La faillite pour Boiteau Luminaire

Alors que la vente de fermeture de son magasin de luminaires se poursuivra encore jusqu'à dimanche, Gilles Boiteau a déposé son bilan lundi dernier.
Boiteau Luminaire doit un peu plus de 1,6 million $ à ses créanciers.
Selon le document consulté par Le Soleil, le passif de l'entreprise commerciale qui avait ouvert ses portes en 1959 s'élève à un peu plus de 2,5 millions $. À ses créanciers garantis, Boiteau Luminaire doit 863 435 $ et 1,6 million $ à ses créanciers non garantis.

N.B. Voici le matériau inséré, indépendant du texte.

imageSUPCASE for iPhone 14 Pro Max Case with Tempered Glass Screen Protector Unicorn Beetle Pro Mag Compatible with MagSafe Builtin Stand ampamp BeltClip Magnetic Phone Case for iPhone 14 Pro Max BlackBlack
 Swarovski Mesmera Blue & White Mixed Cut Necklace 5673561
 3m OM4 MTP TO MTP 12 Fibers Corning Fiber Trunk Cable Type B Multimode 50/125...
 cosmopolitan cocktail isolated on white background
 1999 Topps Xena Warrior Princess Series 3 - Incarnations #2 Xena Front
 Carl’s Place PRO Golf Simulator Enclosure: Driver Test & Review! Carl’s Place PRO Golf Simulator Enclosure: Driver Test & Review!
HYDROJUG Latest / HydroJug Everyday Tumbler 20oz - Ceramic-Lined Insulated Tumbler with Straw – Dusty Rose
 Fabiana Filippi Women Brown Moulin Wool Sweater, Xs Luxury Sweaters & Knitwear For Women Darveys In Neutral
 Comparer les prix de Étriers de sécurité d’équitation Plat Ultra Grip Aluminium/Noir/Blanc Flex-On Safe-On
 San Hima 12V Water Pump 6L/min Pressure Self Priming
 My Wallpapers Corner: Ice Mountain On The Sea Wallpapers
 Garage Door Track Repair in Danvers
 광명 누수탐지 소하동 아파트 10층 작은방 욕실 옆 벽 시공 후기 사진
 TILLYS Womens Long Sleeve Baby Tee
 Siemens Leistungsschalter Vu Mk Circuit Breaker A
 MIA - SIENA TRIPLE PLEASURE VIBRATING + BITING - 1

Dans la colonne des actifs du commerçant de produits d'éclairage, il apparaît une somme 904 262 $, incluant un inventaire totalisant 782 140 $.
Au bout du compte, c'est 1 619 338,01 $ que Boiteau Luminaire doit à ses fournisseurs qui sont convoqués, le 3 août prochain, à une première assemblée des créanciers au Bureau du surintendant des faillites.
Pas moins de 170 noms apparaissent dans la liste des créanciers non garantis, dont ceux du Fonds de placement immobilier Cominar (261 592 $), de l'Agence du revenu du Canada (69 536 $), de l'Agence du revenu du Québec (20 332 $) et du propriétaire de Boiteau Luminaire, Gilles Boiteau (431 145 $).
La Banque de Montréal est l'unique créancier garanti de l'entreprise en faillite.
À Radio-Canada, la semaine dernière, Gilles Boiteau déclarait que l'heure de la retraite avait sonné pour lui et que la relève était inexistante pour assurer la poursuite des affaires de son magasin qu'il dirigeait depuis près de 60 ans.
La fermeture du commerce situé à l'intersection du boulevard Charest et de la rue Saint-Sacrement provoquera la perte d'une vingtaine d'emplois.